Gelar Demonstrasi, Koalisi Rakyat Bersatu Kritisi Kebijakan Pembangunan MCC

PolitikaMalang – Berbagai respon menyikapi polemik kebijakan daerah yang sedang ramai diperbincangkan masyarakat Kota Malang terus berlanjut. Kali ini, giliran kelompok masyarakat yang terdiri dari Omah Gotong Royong (OGR), Anak Negeri serta Aliansi Masyarakat Anti Korupsi (AMATI) menggelar unjuk rasa di depan gedung Balaikota dan DPRD Kota Malang, Senin (18/11/2019) siang.

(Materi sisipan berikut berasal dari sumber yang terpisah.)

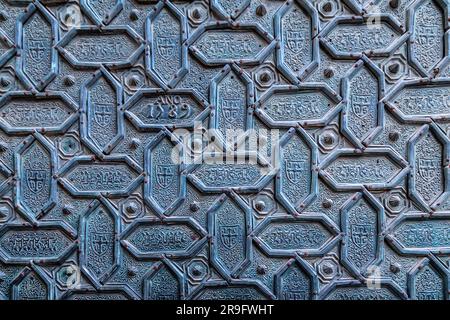 Cordoba, Spanien - 25. Februar 2022: Außenansicht und dekorative Details der herrlichen Moschee von Cordoba. Heute ist die Mezquita-Kathedrale, Andalusien Stockfoto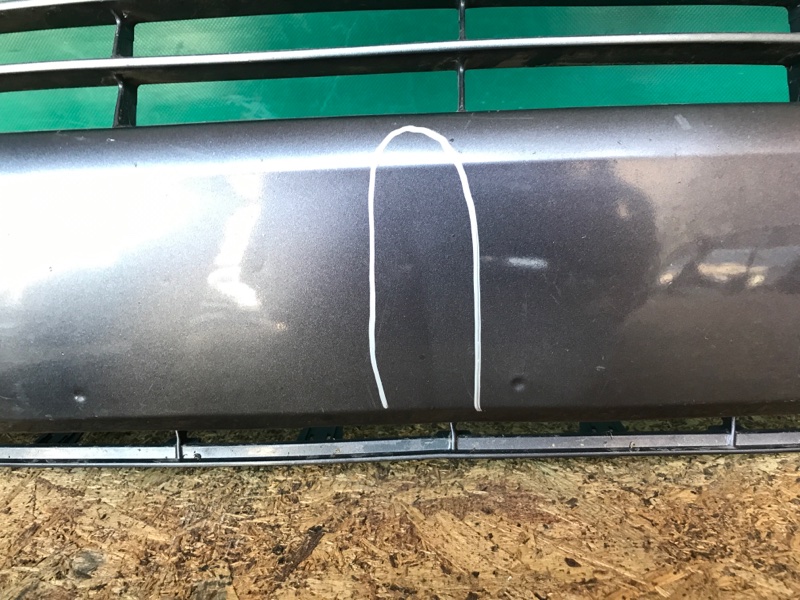 Решітка переднього бампера TOYOTA COROLLA E170 13-19 53112-02640 — 5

Demonstran yang mengatas namakan Koalisi Rakyat Bersatu tersebut menyuarakan penolakan terhadap kebijakan Pemkot Malang yang akan membangun gedung Malang Creative Center (MCC) dengan menghisap APBD hingga Rp125 miliar untuk tahap 1 dan Rp60 miliar tahap kedua.

Romadhony selaku penangung jawab aksi mengungkapkan, perencanaan pembangunan MCC telah mencederai masyarakat Kota Malang.

“Seharusnya pihak Pemkot Malang mempunyai skala prioritas dalam perencanaan pembangunan, karena masih banyak pembangunan di kota Malang yang masih belum selesai dan bermasalah,” ungkapnya. 

Senada dengan hal tersebut, peserta aksi yang lain, Wahyu Eko Setiawan yang akrab di sapa sam WES, juga menyoroti hal yang sama. Menurutnya, alangkah eloknya jika pembangunan MCC dibatalkan, dan dananya bisa dialihkan untuk membangun jembatan Muharto, karena kondisi jembatan Muharto saat ini sudah sangat menghawatirkan dan terancam roboh.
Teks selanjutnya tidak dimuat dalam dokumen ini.